You really kind of need to show more code, too, or create a jsfiddle but without additional context: just use a different skeleton (note that fieldset is not being truthful about what's in it. A field set is for form fields. You're using it to wrap inert messages):

<div class="messages">
  <div class="message">
    <div class="from sender">bob</div>
    <div class="body">blahblahblah</div<
  </div>
  <div class="message">
    <div class="from listener">carol</div>
    <div class="body">blahblahblah</div<
  </div>
  ...
</div>

and every time you get a new message, you appendChild it to the .messages div, and then move (not copy) the bunny element into the last message. You get something like

<div class="messages">
  ...
  <div class="message">
    <div class="from">carol</div>
    <div class="body">blahblahblah</div<
    <div class="bunny">^_^</div>
  </div>
</div>

Then you use CSS to make sure the bunny's in the right place.
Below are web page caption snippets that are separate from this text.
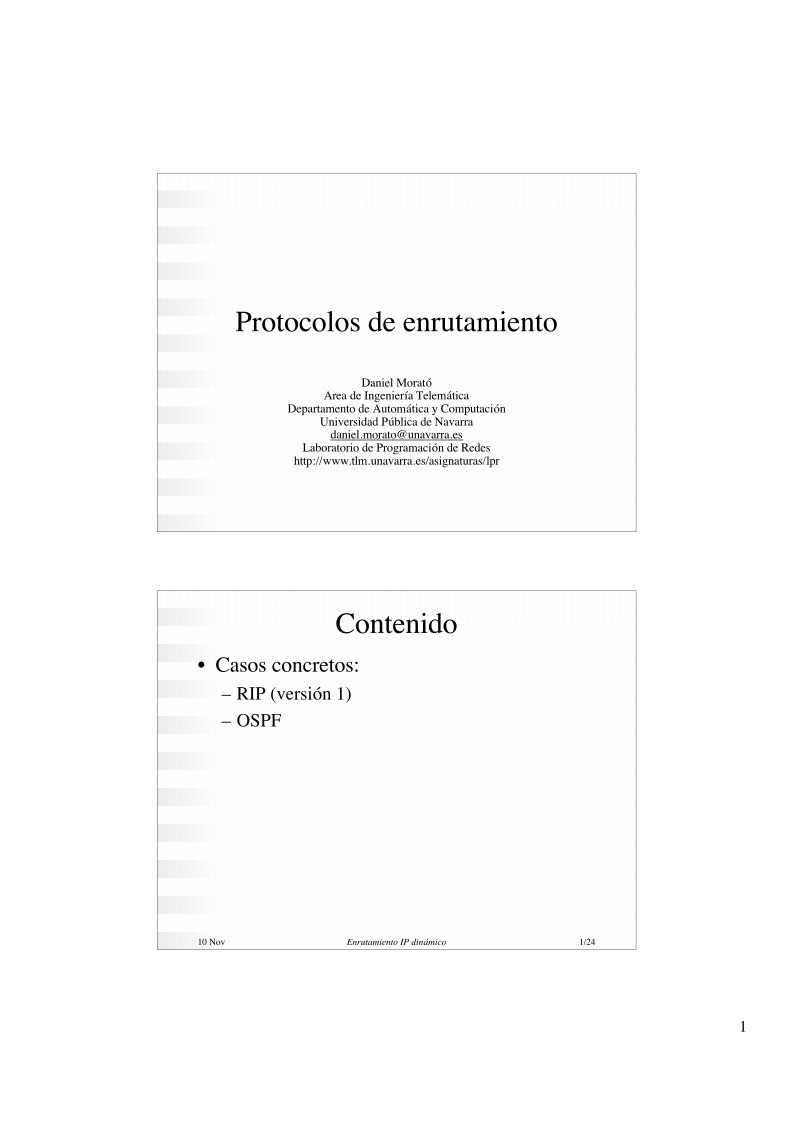 Imágen de pdf Protocolos de enrutamiento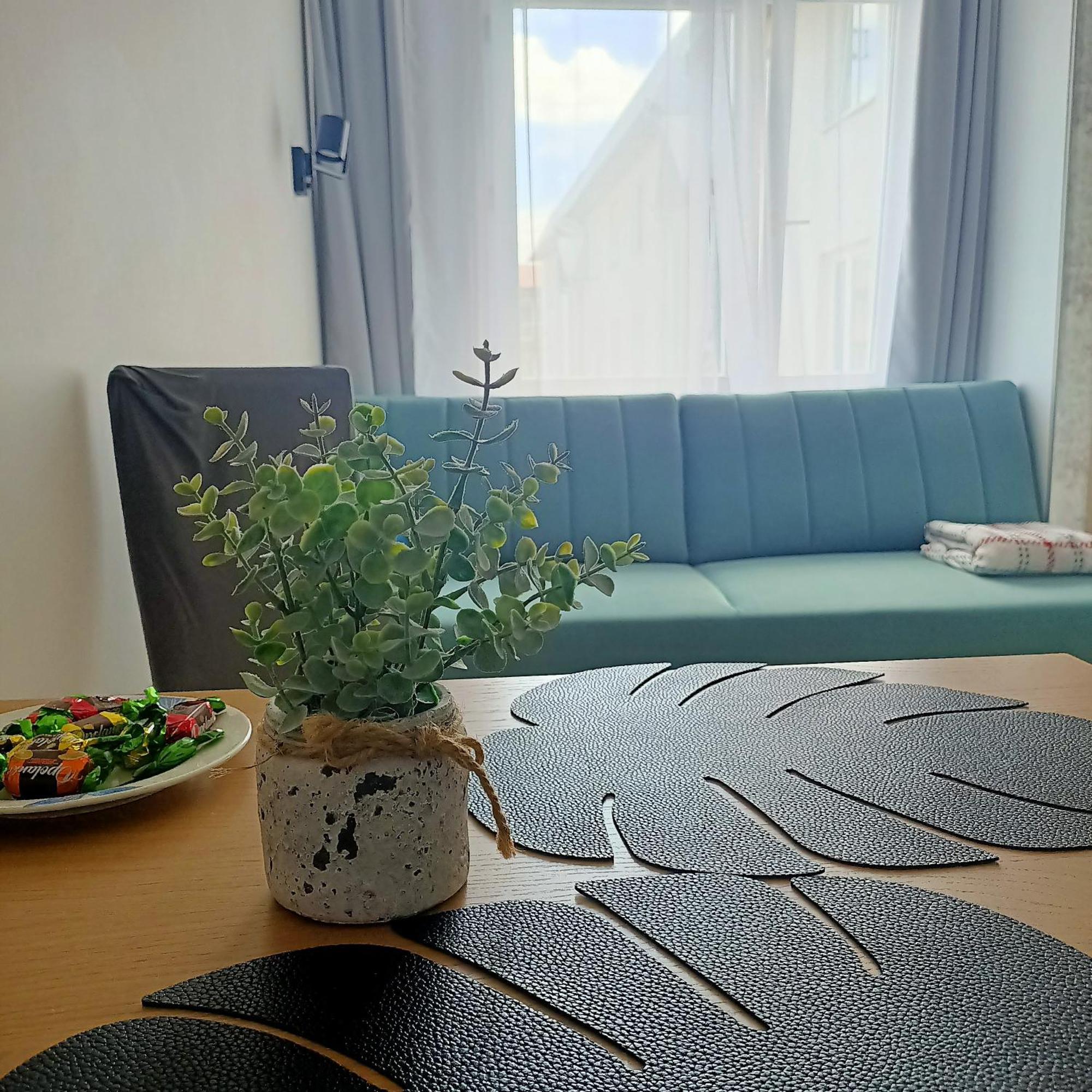 Apartment Emili Vipoo Suwałki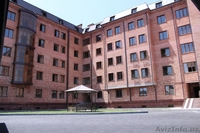 Ж/К " ШОФАЙЗ" - Новостройка - 84м - Изображение #1, Объявление #1545300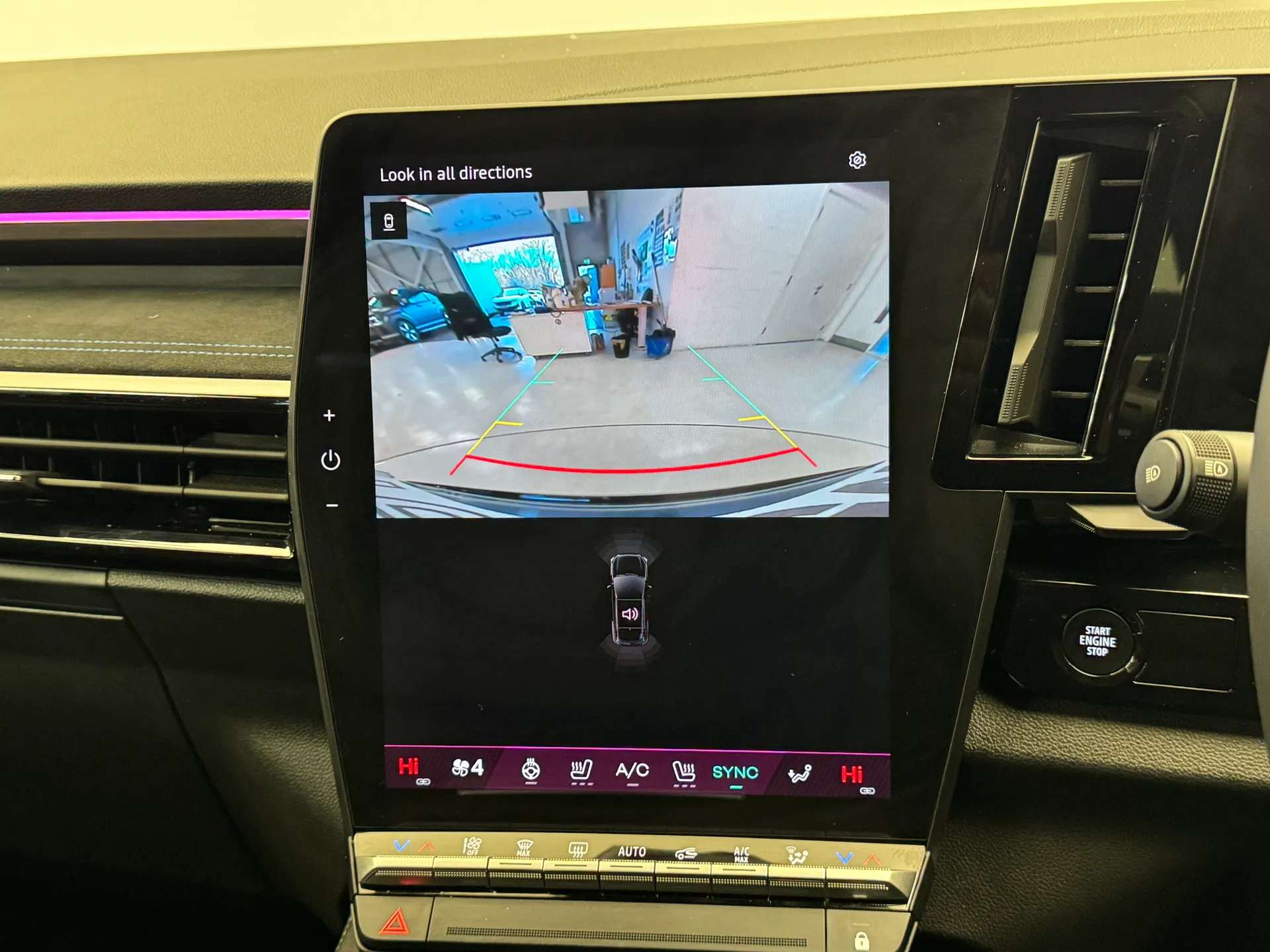 2025 RENAULT AUSTRAL 2025 RENAULT AUSTRAL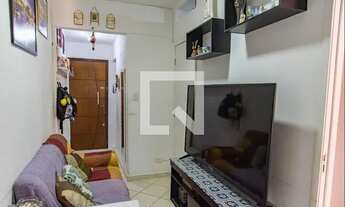 Imagem 2: Apartamento para Aluguel - Liberdade, 2 Quartos, 50 m2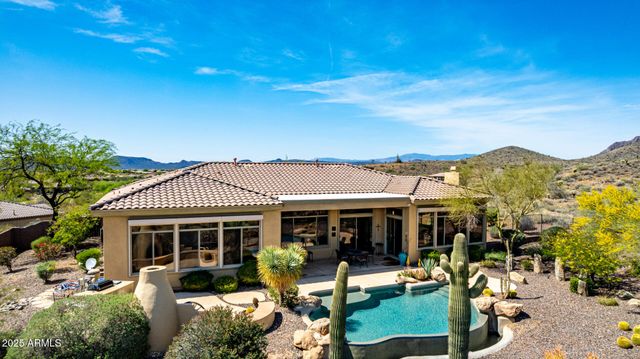 42145 N FAIRGREEN Court, Anthem, AZ 85086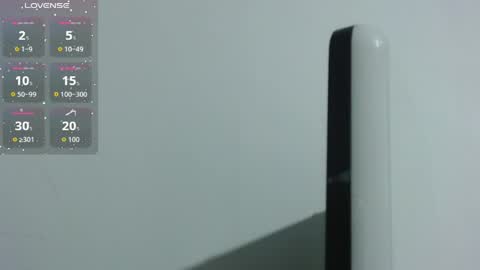 sebas vexga online show from April 2026 05:40:01 AM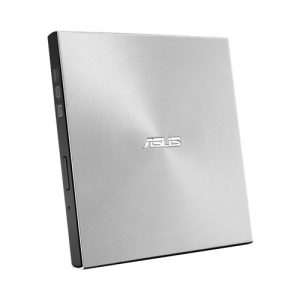 Leitor DVD+/-RW ASUS 8X EXTERNO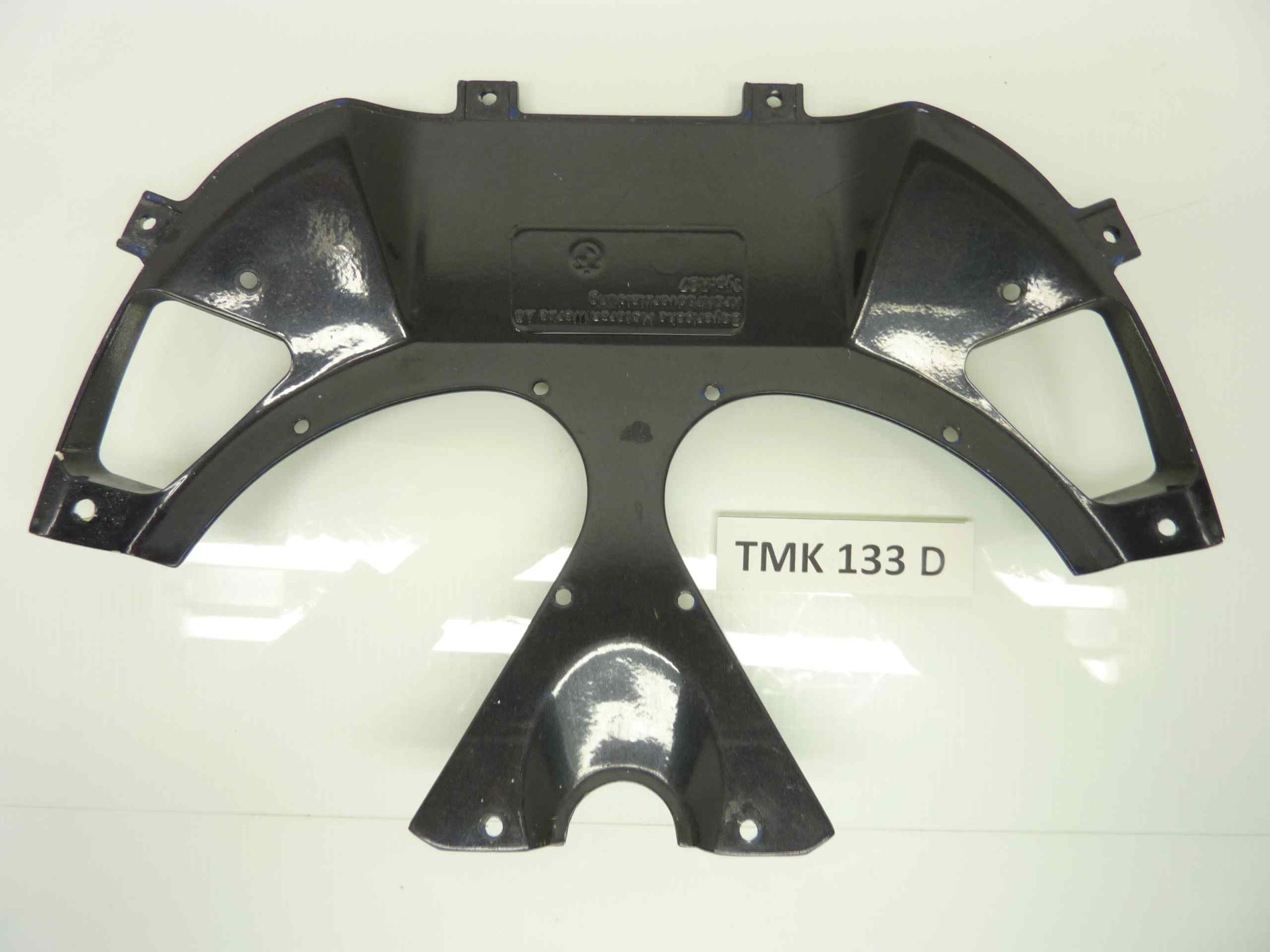 BMW K tutti modelli 84-96 chiusura carena rondine cod 46631453316 nuovo fondo di magazzino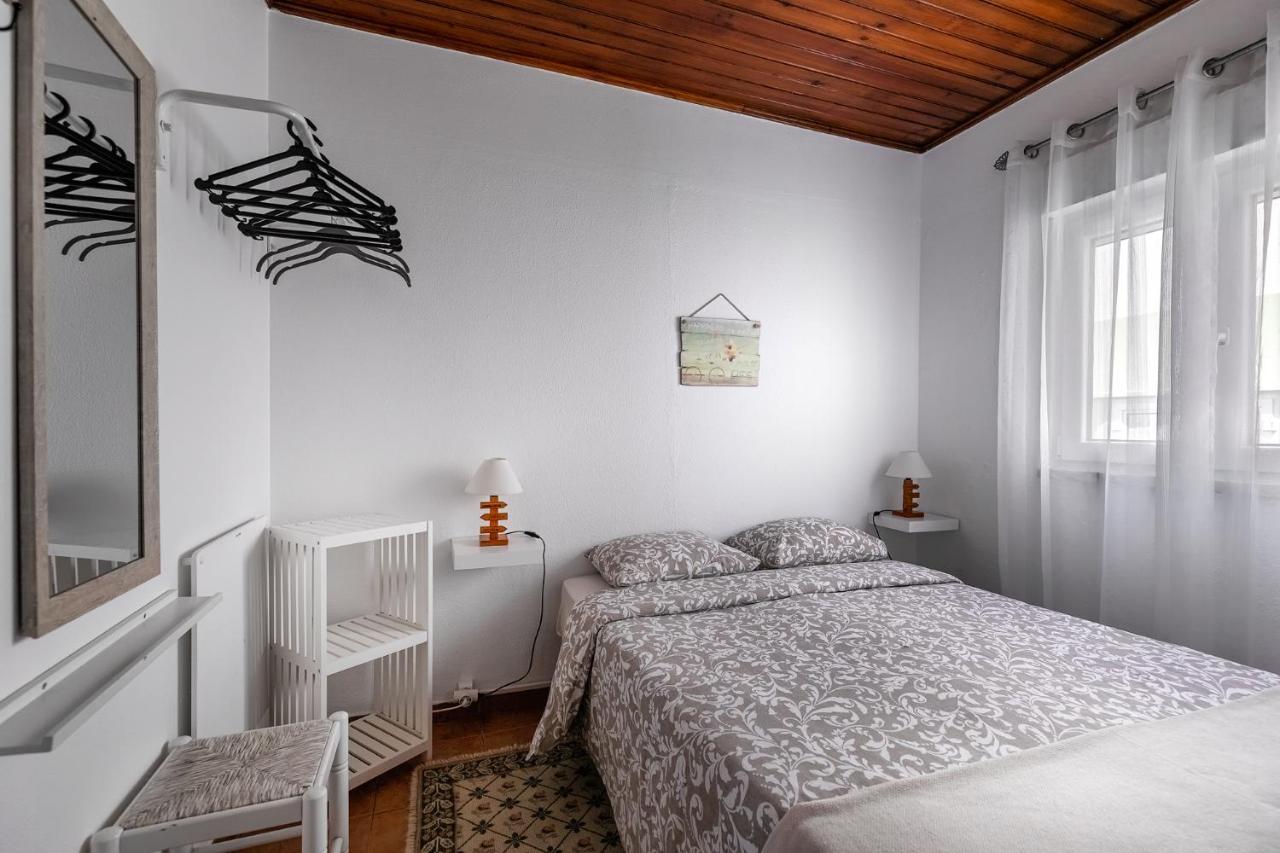 Casa Da Falesia 28 - Casa Peniche Buitenkant foto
div.messages { position: relative; }
.from.listener { float: left; position: relative; }
.from.sender { float: right; position: relative; }
.bunny { width: ...; height: ...; background: url('bunny.png'); }
.from.listener .bunny { position: absolute; left: 0}
.from.sender .bunny { position: absolute; right: 0}
.hidden { display: none!important; }

With your bunny element all the way at the top, before there are any messages:

<div class="hidden bunny">^_^</div>

And you just move the bunny down by using

var bunny = document.querySelector(".bunny");

all the way at the start so you have a persistent reference, and then every time you build a new message

var newmsg = ....;
bunny.classList.remove("hidden");
newmsg.appendChild(bunny);
messages.appendChild(newmsg);

done, appendChild moves elements across the page (because DOM elements can't exist in two places at once, so an appendChild of an on-page element simply moves it to its new position).